有名な この記事 のように, 博士号をとること, 研究結果を残し続けることは極めて大変なことである. その中でも, 有名未解決問題やその分野の未踏峰に挑むのは大変な労力とリスクを伴う. チャレンジに成功する確率よりも失敗する確率のほうがずっと高く, 僕自身のまわりだけでもこれまで多くの仲間が業界を去ったり, メンタルをやられてしまうことが日常茶飯事であった.

有名未解決問題を解くという行為は「東京スカイツリーを1メートル高くしてこい」というチャレンジに例えることができる. 634メートルを635メートルに更新することでトップの地位を得ることができる. 数学に限らず, この業界での2位はビリと同じなので, 1位をとる以外に生き残る術は存在しない. ゆえに世界中の猛者たちが頂上の1メートルを伸ばすために多大な労力をかけて日々奮闘している. 我々はそのために必要な免許(=博士号)をとり, 厳しい訓練(=日々の研究・セミナー・研究発表)を積み重ねて登頂のスキルを得るが, それでも(例えハーネスをつけていたとしても)滑落の危険を伴う.

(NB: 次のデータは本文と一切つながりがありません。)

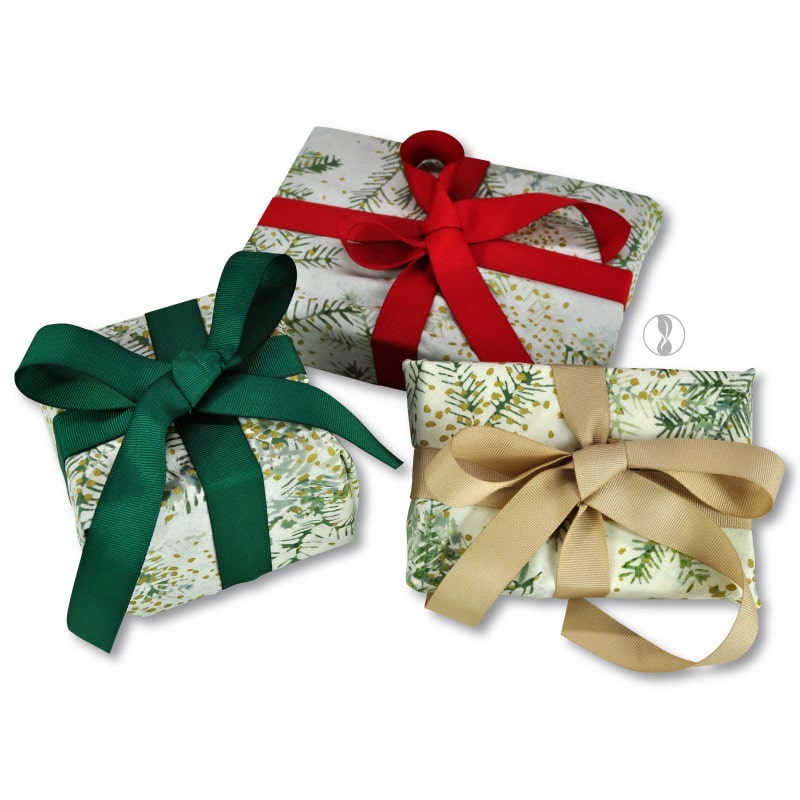 Christmas Boughs Fabric Wrapping with Green Ribbon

しかし, この1メートル伸ばす危険な行為は, 地上にいる人々からはほぼ認識することができない. 同業者でない人ならなおさらである. 他分野の研究の価値が正当に理解されずトラブルになる例もよく見かけるが, それは当たり前のことなのである.

では, 東京スカイツリーのそばに1メートルの苗木を植えて, 野菜や果物を育てたらどうなるだろうか. きっと多くの人々に気づいてもらえるだろうし, 東京スカイツリーというネームバリューもついてくるかもしれない. そしてその野菜や果物の質が高ければ, 立ち止まって興味をもってくれる人もいるだろう. これは研究の世界でも同じことで, 誰もやっていない場所(だが多くの人々が関心をもつ場所に近いエリア)で丁寧に育てた1メートルは目立つのである.

もちろん, 1メートルを育てる場所と戦略は極めて慎重に考えなければならない. どんなに優れた野菜でも, 遠く離れた山里の樹海に植えてしまえば見つけてすらもらえないし, 逆にスカイツリーのそばという話題がついたとしても, その果物の味が悪ければブームはすぐ廃れてしまう. だから, 1メートルの戦略は予想以上に難しく, 初手を誤ると失敗するわけでリスクは当然ある. しかし, 成功する可能性は(個人的には)少し高まるのではと思うし, その分野の多様性を広げるという意味でも有益ではないかと思うのである.

最後に一つ, 誤解してほしくないのは「有名未解決問題にチャレンジするな」と言っているわけではないということである. 学問は自由なのだから, 未踏峰にリスクをかけて挑むロマンは僕も大いに共感する. 以上はあくまでも一個人の考え方であり, もしかすると今悩みを抱えている誰かの背中を後押しできればと思って書いた. SMAP の名曲「世界に一つだけの花」に「No.1 にならなくてもいい もともと特別な Only One」というフレーズがあるが, 研究では Only One だけではダメで No.1 にもならなければならず, 厳しい世界であることには変わりないのである.